A usual pysparkling session starts with either parallelizing a list with Context.parallelize() or by reading data from a file using Context.textFile(). These two methods return RDD instances that can then be processed.

RDD

class pysparkling.RDD(partitions, ctx)[source]

RDD

In Spark’s original form, RDDs are Resilient, Distributed Datasets. This class reimplements the same interface with the goal of being fast on small data at the cost of being resilient and distributed.

Parameters:
  • partitions (list) – A list of instances of Partition.
  • ctx (Context) – An instance of the applicable Context.
compute(split, task_context)[source]

interface to extend behavior for specific cases

Parameters:split (Partition) – a partition
aggregate(zeroValue, seqOp, combOp)[source]

aggregate

[distributed]

Parameters:
  • zeroValue – The initial value to an aggregation, for example 0 or 0.0 for aggregating int s and float s, but any Python object is possible. Can be None.
  • seqOp – A reference to a function that combines the current state with a new value. In the first iteration, the current state is zeroValue.
  • combOp – A reference to a function that combines outputs of seqOp.
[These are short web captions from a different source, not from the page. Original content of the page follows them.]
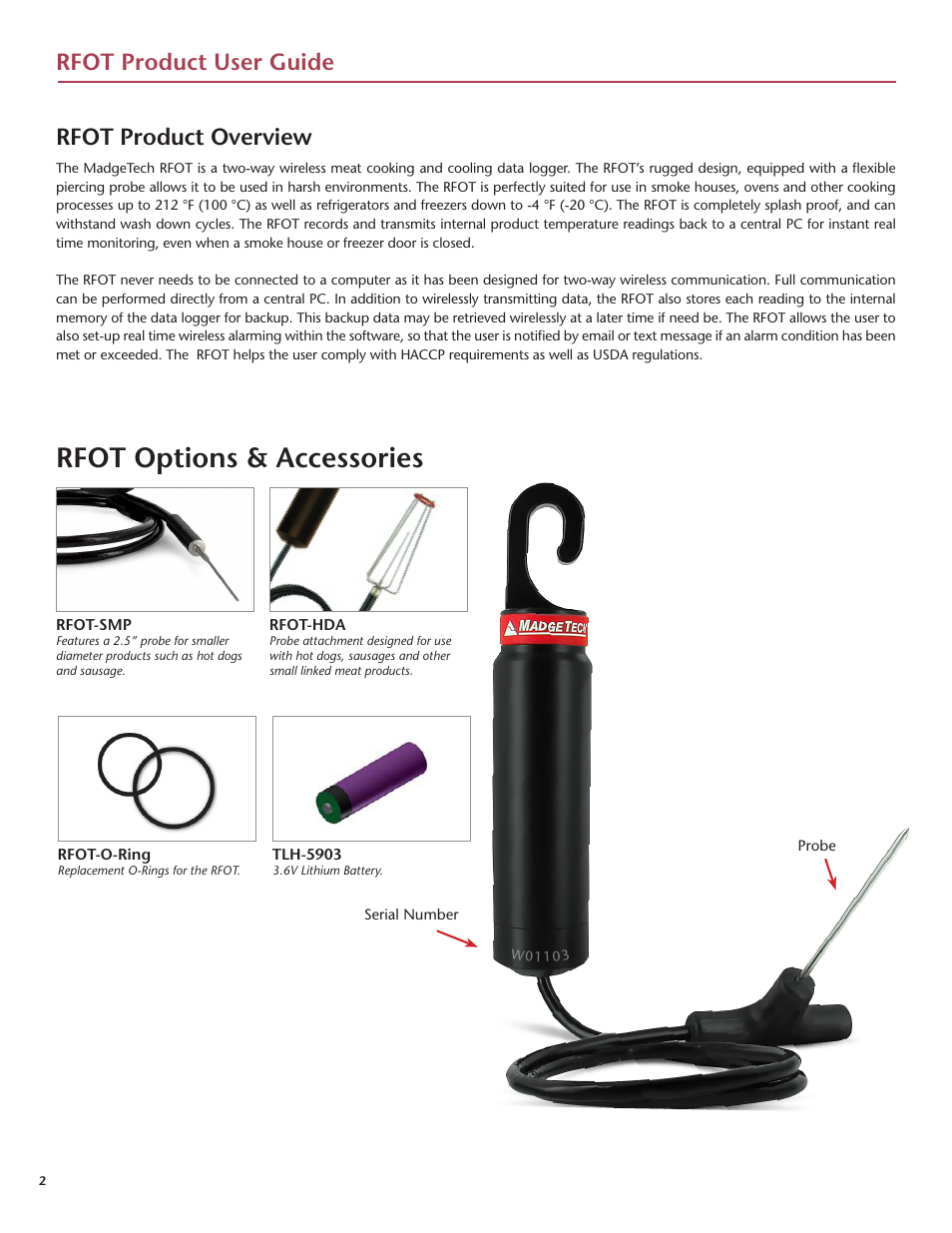 Rfot options & accessories, Rfot product user guide rfot product overview | MadgeTech RFOT Wireless Meat Temperature Data Logger User Manual | Page 6 / 24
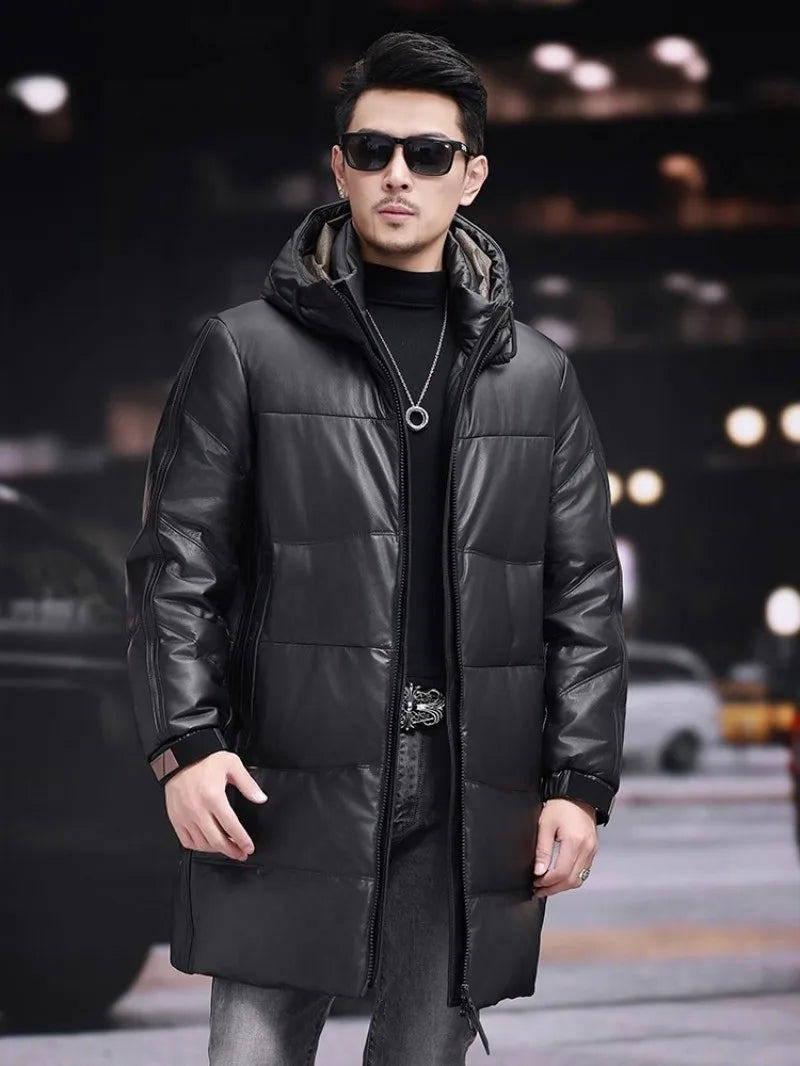 Men’s cowhide leather coat with unified collar-hood in Onyx, unzipped, model standing straight. From Borcelleclothes.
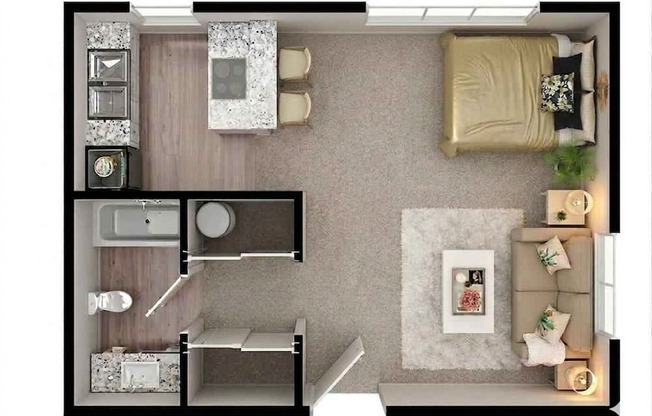 Studio, 1 bath, 382 sqft, $2,045, Unit 11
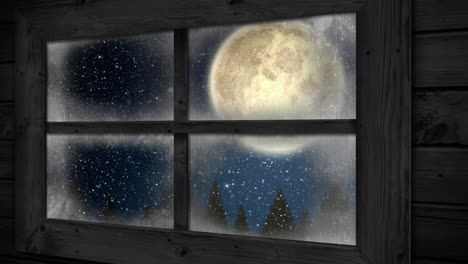 Animación-De-Ventana-Sobre-Nieve-Cayendo-Y-Luna-En-Navidad.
In the first iteration, the current state is zeroValue.
Returns:

Output of combOp operations.

Example:

>>> from pysparkling import Context
>>> seqOp = (lambda x, y: (x[0] + y, x[1] + 1))
>>> combOp = (lambda x, y: (x[0] + y[0], x[1] + y[1]))
>>> Context().parallelize(
...     [1, 2, 3, 4], 2
... ).aggregate((0, 0), seqOp, combOp)
(10, 4)
aggregateByKey(zeroValue, seqFunc, combFunc, numPartitions=None)[source]

aggregate by key

Parameters:
  • zeroValue – The initial value to an aggregation, for example 0 or 0.0 for aggregating int s and float s, but any Python object is possible. Can be None.
  • seqFunc – A reference to a function that combines the current state with a new value. In the first iteration, the current state is zeroValue.
  • combFunc – A reference to a function that combines outputs of seqFunc. In the first iteration, the current state is zeroValue.
  • numPartitions (int) – (optional) Not used.
Returns:

An RDD with the output of combOp operations.

Return type:

RDD

Example:

>>> from pysparkling import Context
>>> seqOp = (lambda x, y: x + y)
>>> combOp = (lambda x, y: x + y)
>>> r = Context().parallelize(
...     [('a', 1), ('b', 2), ('a', 3), ('c', 4)]
... ).aggregateByKey(0, seqOp, combOp).collectAsMap()
>>> (r['a'], r['b'])
(4, 2)
cache()[source]

Once a partition is computed, cache the result.

Alias for RDD.persist().

Example:

>>> from pysparkling import Context
>>> from pysparkling import CacheManager
>>>
>>> n_exec = 0
>>>
>>> def _map(e):
...     global n_exec
...     n_exec += 1
...     return e*e
>>>
>>> my_rdd = Context().parallelize([1, 2, 3, 4], 2)
>>> my_rdd = my_rdd.map(_map).cache()
>>>
>>> logging.info('no exec until here')
>>> f = my_rdd.first()
>>> logging.info('available caches in {1}: {0}'.format(
...     CacheManager.singleton().stored_idents(),
...     CacheManager.singleton(),
... ))
>>>
>>> logging.info('executed map on first partition only so far')
>>> a = my_rdd.collect()
>>> logging.info('available caches in {1}: {0}'.format(
...     CacheManager.singleton().stored_idents(),
...     CacheManager.singleton(),
... ))
>>>
>>> logging.info('now _map() was executed on all partitions and should'
...              'not be executed again')
>>> logging.info('available caches in {1}: {0}'.format(
...     CacheManager.singleton().stored_idents(),
...     CacheManager.singleton(),
... ))
>>> (my_rdd.collect(), n_exec)
([1, 4, 9, 16], 4)
cartesian(other)[source]

cartesian product of this RDD with other

Parameters:other (RDD) – Another RDD.
Return type:RDD

Note

This is currently implemented as a local operation requiring all data to be pulled on one machine.

Example:

>>> from pysparkling import Context
>>> rdd = Context().parallelize([1, 2])
>>> sorted(rdd.cartesian(rdd).collect())
[(1, 1), (1, 2), (2, 1), (2, 2)]
coalesce(numPartitions, shuffle=False)[source]

coalesce

Parameters:
  • numPartitions (int) – Number of partitions in the resulting RDD.
  • shuffle – (optional) Not used.
Return type:

RDD

Note

This is currently implemented as a local operation requiring all data to be pulled on one machine.

Example:

>>> from pysparkling import Context
>>> Context().parallelize([1, 2, 3], 2).coalesce(1).getNumPartitions()
1
cogroup(other, numPartitions=None)[source]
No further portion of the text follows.